As the characters go through school and university, you might think it’s a little too near the knuckle, a little too like some people you’ve met during your time at Cambridge, considering that a century has passed since the time of the play’s setting. This is a good thing. In a play about how time changes everything and nothing, it’s interesting that this parallel is suggested. It also fits with the play’s exploration of how several people might actually be one, and one person several.
Once the characters’ paths diverged, it was necessary to have fewer people on stage together at a time, and often one person would have to occupy the large space by themselves for an extended period. Amelia Hills gave a particularly moving performance as Rhoda, especially given the potential for such extended monologues to become tedious. They were aided by precise use of lighting and minimalist staging, which reduced the size of the stage, focusing audience attention. At times, it was so quiet that I’m sure the actors could hear me writing notes, if I was able to take my eyes away from the performance at all.
Caroline Katzive and Ella Muir did excellent work on costumes: each character had a trademark outfit which subtly changed as they grew older. This simple but effective visual cue helped bring out the exploration of ageing, staying the same on the inside while changing on the outside.

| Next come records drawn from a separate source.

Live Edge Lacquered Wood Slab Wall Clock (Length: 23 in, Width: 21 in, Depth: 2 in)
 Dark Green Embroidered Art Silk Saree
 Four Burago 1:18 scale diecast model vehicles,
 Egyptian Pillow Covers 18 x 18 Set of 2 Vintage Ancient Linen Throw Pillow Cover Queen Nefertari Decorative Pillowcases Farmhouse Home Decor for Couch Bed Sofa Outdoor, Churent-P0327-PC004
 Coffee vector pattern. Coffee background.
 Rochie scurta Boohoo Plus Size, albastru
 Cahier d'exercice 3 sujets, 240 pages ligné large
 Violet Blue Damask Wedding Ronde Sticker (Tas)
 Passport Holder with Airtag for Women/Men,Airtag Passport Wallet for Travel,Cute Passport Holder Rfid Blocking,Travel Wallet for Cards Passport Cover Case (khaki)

Speaking of ageing, this is a long play. The brakes are slammed on after the interval with an emotional solo scene from Ben Philipps as Neville, and the pace slows considerably. At this stage, it’s worth pointing out that the dialogue requires something of an acquired taste. Woolf called this her ‘play-poem’, and this performance emphasises the poetic aspect. Also, it’s pretty heavy. You’ll be made to think about lost friends, unfulfilled destinies, and death. But if you know what you’re getting into, it’s definitely worth it, because these elements are brought out beautifully.
‘Profound criticism is often written casually,’ says Bernard (Jonathan Iceton), and while I can’t say that I aspire to profundity, I will speak casually: six impressive performers, polished tech, and a script which is emotional and thought-provoking. If you want to see some genuinely classic theatre, go and see The Waves.